Laser-modified graphitic onion-like carbon as anode for lithium/potassium-ion batteries

Abstract

Graphitic onion-like carbon (GOC) presents a multi-shelled polyhedral structure with concentric arrangement of carbon layers. Used as anode material for lithium-ion batteries (LIBs) and potassium-ion batteries (PIBs), the concentric structure can effectively avoid interlayer slipping and ensure structural integrity, leading to higher cyclic stability than the normal anisotropic graphite such as the artificial and natural graphite. However, the confined multi-shelled structures of GOC will result in unsatisfactory electrochemical performance in reversible capacity and rate capability. Herein, a one-step laser-etched method was proposed to the surface modification of GOC by creating suitable pores and edge structures without destroying the intrinsic concentric structure.
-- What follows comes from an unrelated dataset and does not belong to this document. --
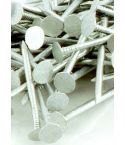 Galvanised Nails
The laser-etched graphitic onion-like carbon (LGOC) delivers a high reversible capacity (436 mA h g−1 at 0.05 A g−1 in LIBs and 289 mA h g−1 at 0.1C in PIBs) and rate performance (89 mA h g−1 at 10 A g−1 in LIBs and 114 mA h g−1 at 2C in PIBs) with approximate initial coulombic efficiency. Meanwhile, the intrinsic concentric multi-shelled structure of LGOC facilitates structural integrity during lithium/potassium storage, possessing the intrinsic cyclic stability. This work provides an effective route for the application of GOC to replace traditional layered graphite materials as LIBs/PIBs anodes.